Philosophy / Theory: Capitalism
The capitulation on the part of Obama and the Democrats to the far-Right agenda of the Republicans in the latest battle over raising the deficit ceiling raises the issue of whether capitalism is undermining its own conditions of existence. — Editors
The battle lines in what Marx at one time had called “the silent civil war,” the class war of capital vs. labor, have never been clearer. The just passed “Budget Control Act of 2011” attests to that fact. The so-called “emergency debt bill” or debt ceiling agreement is retrogressive, anti-labor, anti-poor, anti-Black and minority, anti-women, anti-old, anti-young, anti-education, anti-immigrant, anti anything whatsoever to do with the vast majority of people in this country.
Putting aside the fact that this debt ceiling agreement is a naked betrayal of humanity, in that it will eventually eliminate most of the funding needed for most of our social programs, it defies simple “capitalist” economic sense. How can the debt be paid if there are little or no cuts in military spending, the Bush tax cuts on the top 2% of income earners (which helped cause the problem in the first place) are still in place, jobs are eliminated and the wages of those still working are cut? Do Obama and the Republicans think revenue can be made up by effectively increasing the tax burden on those still working without reducing unemployment (approximately 25 million unemployed, underemployed or out of the work force altogether) through stimulus packages and job bills?
Why do the Republicans seemingly want to destroy the economy to arrive at this debt agreement when it is obvious they aren’t really interested in paying off the debt, approximately 75% of which was the result of the last three Republican presidents, beginning with Reagan? The answer, as we see it, is that they are determined to use this budget crisis as a vehicle to further redistribute value from labor to capital. Put another way, they want to further, and radically, redistribute income from workers and the poor to the rich and the owners of capital. Rather than eliminating the deficits, they want to redistribute income to those who already have too much of it by eliminating the possibility of tax increases while at the same time gutting social programs.
What most pundits, including on the left, fail to see, however, is that the aim of capitalism, its movement, isn’t simply to line the pockets of the rich, although that is its result. Capitalism’s aim is the self-expansion of capital. The self-expansionist drive of capital becomes even more compulsive when it meets severe recessionary crisis, such as the one we endured from 2008 onward. The organic composition of capital, even more than the individual agents of capitalism, turns out to be the real “beneficiary” of this series of budgetary maneuvers.
One large area of government spending left out of the debt ceiling debate is military spending. In fact, the Pentagon is getting about $50 billion more than it expected.
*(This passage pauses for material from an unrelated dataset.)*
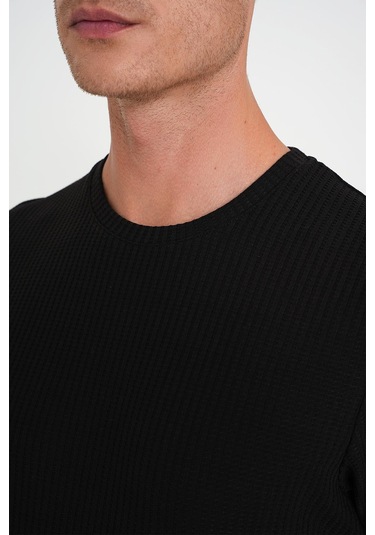 Comfort Fit Bisiklet Yaka Fitilli Kısa Kol Siyah Tişört Ts 912 Siyah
That military development takes priority over economic development is extremely ominous and threatens to reverse the several millennia long struggle to overcome military adventurism by kings, totalitarian rulers, etc.
Already, the United States has the worst level of poverty of any fully developed nation. One half of all our children and the majority of Black children will at some point have to purchase food with food stamps, the highest percentage on record (see report).
The war against labor is nearly total. Officials are still haggling over the causes of the Massey Mine Disaster on April 5, 2010. Yet Massy Energy’s CEO at the time, Don Blankenship, retired with a $20 million dollar severance package. The Chilean miners still haven’t received the safety regulations that were promised them. Whether one takes up labor struggles in this, the richest country on earth, or the poorest countries in the so-called “Global South,” formerly known as the “Third World,” the demand by capital is the same—more cuts in wages, longer hours, fewer benefits and more abuse.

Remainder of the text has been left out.